Peering out, she watched the people rush down the main thoroughfare, alert for those pursuing her. Her breathing slowed a little, but her heart still beat so fast. Nervously, she inched out of the shadow, further down the alley, towards the main street.
She saw his face. He smiled at her. Oh blessed father, that smile. The young, well dressed was leaning against the store front on the other side of the street and he just smiled at her. There was no warmth in that smile. There was hatred. There was scorn.
He glanced to his right, nodded, signalling the others. Then started towards her, through the traffic, almost casually.
She fled again.
It was well past dark now. She had never been out this late in the city before without her parents, but they were both now gone. And she would be, too, if she was not careful. But she was tired, oh so tired. Why couldn’t they leave her be? It was not her fault she was the way she was. And she was only nine summers old.
But they didn’t like her. And they would not let her be.
It had taken hours, but she managed to loop back to familiar points in the city without being spotted again. Her home was just ahead, the empty street lit by torches. She waited a long time, waited to see if anyone moved, but no one did.
She crept along the wall, then scurried across the street to her house, quickly turning the steel key in the lock, dreading every sound and scrape. Slamming the door behind her, the young girl peered out the window to see if she was followed. She saw no one, and relaxed, letting out a long, deep sigh.
“Thank you for coming home. It saved me a lot of chasing around.”
She spun and froze, terrified. He was sitting in the chair, her father’s chair, but she had not noticed him in the dark. She stood stock still … there was nowhere else to run to.
The young man was well dressed, his styled brown hair sitting under a fine top hat.

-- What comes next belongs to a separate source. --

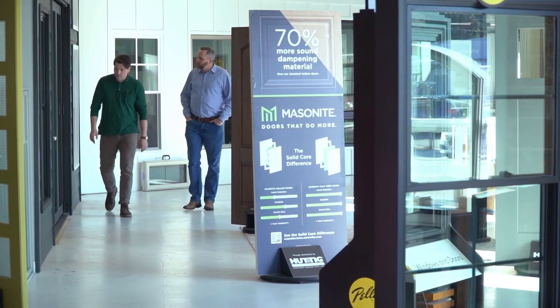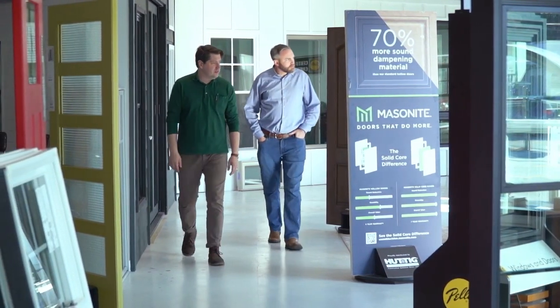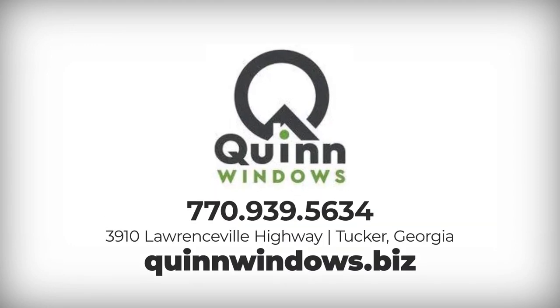Well, you should visit our showroom because we have every window installed here that would be at your home, and there's only so many windows I can take in my truck to bring to your house.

His dark clothes were unruffled and well made. And in his right hand, dangling from the armrest, he tapped a coiled rope against the side of her father’s chair.

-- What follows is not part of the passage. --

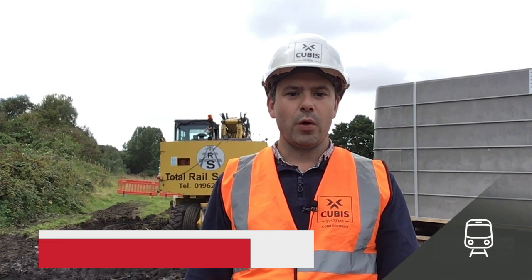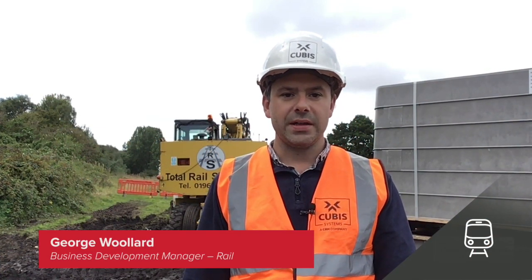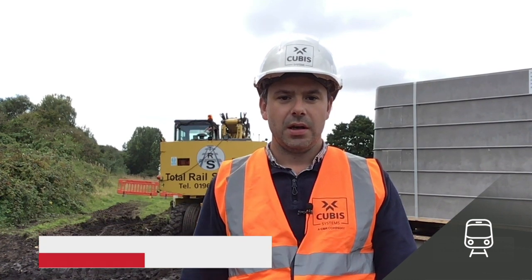Hello, I'm at the Long Lane site in Liverpool with Volker Rail as they embark on a nine-day blockade as part of the Mersey Rail project. We've worked on this project from design conception, so it's really satisfying seeing the chambers here and being able to give guidance and assistance to the team at the final stage.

There was nowhere left to go, and this somehow made her a little more bold. “Why?” She asked softly. “Why are you doing this to us?”
The young man was genuinely puzzled by her query. “Why? Why do you think we are doing this?” He stood, slowly walking towards her until he towered over her in the dark, his silhouette an ominious darkness in the empty room. He reached down, lifting her arm gently and without resistance, pulling back the long sleeve away from her glove, revealing the dark veins against her alabaster skin. He was almost kindly as he continued to speak.
“Because, child, you’re filth. You’re a stain. You are … unclean. And there is no place for that in this city.”
His voice had a lulling quality, one tinged with contempt. And, in the dark, she did not see his fist power towards the side of her head.